→ **REQUIREMENT**
In the entries that follow, which lines hold the string "Black"? List them.

-- Opening Marker --

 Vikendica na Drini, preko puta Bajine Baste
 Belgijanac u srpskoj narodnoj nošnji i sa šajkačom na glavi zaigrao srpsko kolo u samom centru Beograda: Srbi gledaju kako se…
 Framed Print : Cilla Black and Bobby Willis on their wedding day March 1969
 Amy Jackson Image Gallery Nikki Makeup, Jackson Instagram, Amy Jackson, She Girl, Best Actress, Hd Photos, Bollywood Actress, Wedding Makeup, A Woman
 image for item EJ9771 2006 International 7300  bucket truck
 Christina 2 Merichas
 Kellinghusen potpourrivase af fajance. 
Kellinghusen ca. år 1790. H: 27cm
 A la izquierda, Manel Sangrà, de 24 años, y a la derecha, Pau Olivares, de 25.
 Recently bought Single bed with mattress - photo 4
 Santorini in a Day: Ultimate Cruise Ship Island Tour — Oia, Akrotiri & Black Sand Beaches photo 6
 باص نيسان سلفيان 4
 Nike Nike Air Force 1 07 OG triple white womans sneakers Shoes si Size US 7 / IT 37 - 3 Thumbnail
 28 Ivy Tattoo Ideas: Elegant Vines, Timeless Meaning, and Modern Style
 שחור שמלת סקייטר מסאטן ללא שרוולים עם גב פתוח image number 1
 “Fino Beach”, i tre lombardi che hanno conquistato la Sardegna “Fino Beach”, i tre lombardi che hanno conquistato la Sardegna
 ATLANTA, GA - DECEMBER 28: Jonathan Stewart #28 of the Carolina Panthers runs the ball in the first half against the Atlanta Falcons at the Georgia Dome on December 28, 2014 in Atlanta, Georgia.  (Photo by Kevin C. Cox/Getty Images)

-- Closing Marker --

→ **THE COMPLETED TASK**
 Framed Print : Cilla Black and Bobby Willis on their wedding day March 1969
 Santorini in a Day: Ultimate Cruise Ship Island Tour — Oia, Akrotiri & Black Sand Beaches photo 6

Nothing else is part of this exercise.